The line between art and entertainment has always been fuzzy. Certainly, there’s plenty of overlap between the two, but lately it feels like there’s a growing divide, an ever-widening chasm separating our fundamental need for creative expression and our insatiable appetite for disposable content. That’s where T. Hardy Morris comes in.

“I’ve spent a lot of time parsing the difference between the two,” he explains, “not just for myself, but for society at large. What does it mean to be an artist? How do we measure creative success? Where are the boundaries between audience and performer when everyone’s broadcasting their lives 24/7?”
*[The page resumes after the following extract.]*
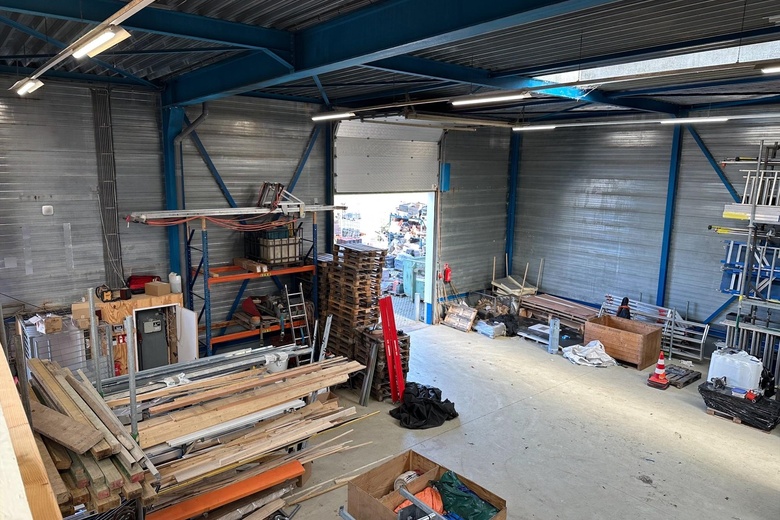 BedrijfsruimteaanSolvayweg 13<br/> inHerten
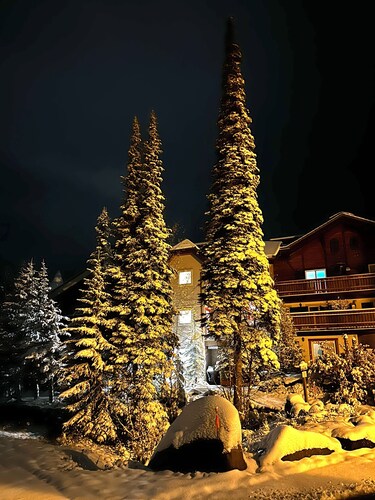 Village Bear Mtn Retreat: Family-Friendly 6 Bed • Steps to Village/Lifts Hot-tub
Morris dives into those questions headfirst on his riveting new album, Artificial Tears, and while the answers don’t come easily, the search yields plenty of reward. Recorded in Nashville with My Morning Jacket’s Carl Broemel at the helm, the collection is an electrifying work of existential exploration, a raw, rock and roll reflection on meaning and identity in a modern world that’s simultaneously more connected and isolated than ever before. The performances are blissed-out and hazy here, captured primarily on a four-track tape machine, and Morris’s delivery is subtle and understated to match, fueled by tumbling, stream-of-consciousness lyrics rooted in a dreamy sense of longing and nostalgia. Despite the weighty ruminations at its core, the result is a remarkably grounded, down to earth album that’s at once honest and abstract, a poignant, clear-eyed look in the mirror from a master craftsman committed to his work for nothing more—and nothing less—than its own intrinsic value.
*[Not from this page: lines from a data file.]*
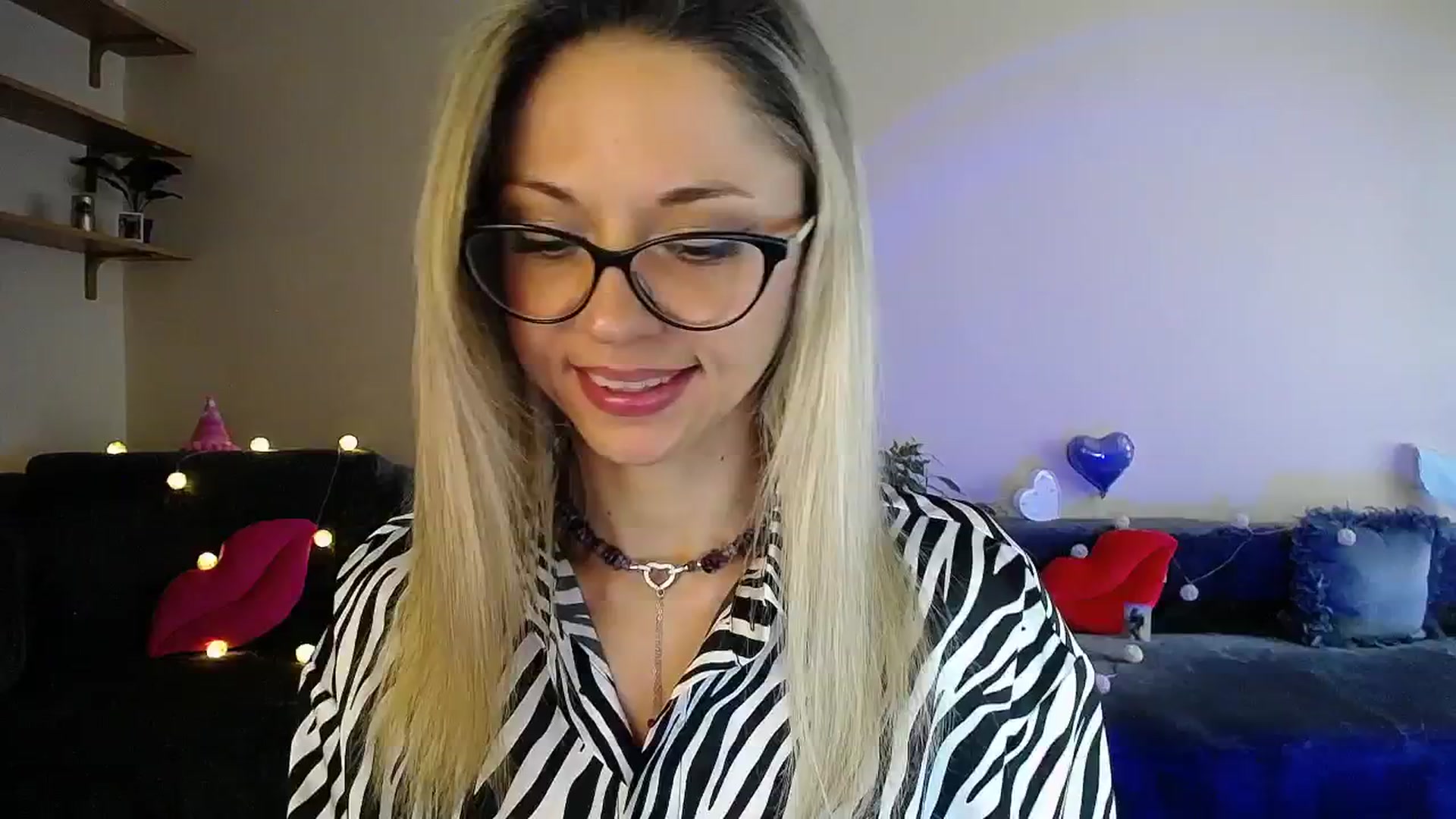 Gallery image thumbnail from Sunshine_alis's myfreecams stream on, 07/19/2025, 15:36 image 16 of 20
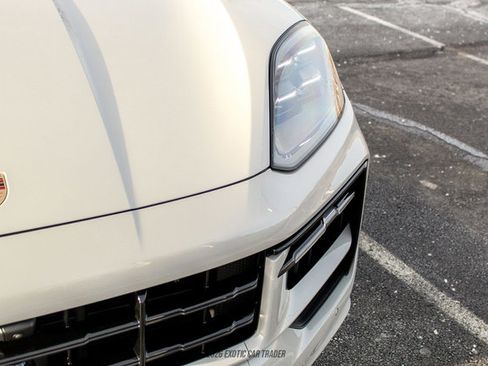 Used 2025 Porsche Cayenne GTS image 61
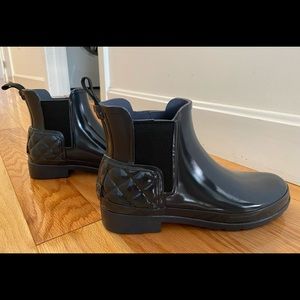 Short hunter rain boots, gloss, dark slate color size 7. Worn once. Like new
“I’ve found a comfort zone for myself over the years writing music and performing when I feel compelled to, when I’ve got something I need to say,” Morris reflects. “The idea of being an ‘entertainer’ day-in and day-out never had much luster for me. I was always drawn to the shadows rather than the limelight.”

Born and raised in Georgia, Morris got his start with southern psych-rock/grunge outfit Dead Confederate, which shared bills with the likes of Dinosaur Jr. and R.E.M. in addition to making their national TV debut on Conan. When the band split up, Morris hit the ground running under his own name, releasing his solo debut, Audition Tapes, to widespread acclaim in 2013. Over the course of the next decade, he would go on to release three more similarly lauded solo records, prompting love everywhere from Pitchfork and SPIN to Paste and Billboard and earning dates with the likes of Jason Isbell, Drive-By Truckers, Shovels & Rope, and Shakey Graves. In addition to his steady solo output and rigorous tour schedule, Morris also found time to record a pair of albums with the freewheeling side project Diamond Rugs, which featured members of Deer Tick, Los Lobos, and The Black Lips. 

“Everything was pretty tumultuous leading up to my most recent record [2021’s The Digital Age of Rome],” Morris recalls, “but it felt like there was a return to some kind of normalcy for a couple years after that. I was just living day to day, writing and watching my kids grow up. It gave me a chance to reflect on what it means to carve your own path and find happiness in front of you.”

In typical fashion for Morris, the songs came slowly at first, then all at once in a rush as he reflected on two decades of highs and lows, on the joys and struggles of a life in music, on the heroes and cautionary tales he’d encountered along the way. When it came time to record, Morris called on Broemel, who ended up not only producing, but playing the vast majority of the instruments on the collection.

 “I’ve always been a fan of Carl’s solo records and his work with My Morning Jacket, so it turned out to be a perfect fit,” explains Morris. “He’s phenomenal on guitar, bass, pedal steel, everything, so I was able to show up with my drummer and just immediately get collaborative on everything.”

“Hardy’s got a really direct and honest approach to music—and to life—which was so refreshing,” says Broemel. “He likes to work fast and not get too precious about things.”

After cutting some rehearsals and demos on a Teac four-track at Broemel’s house, the trio headed to a studio in Nashville for the “official sessions,” but something was missing.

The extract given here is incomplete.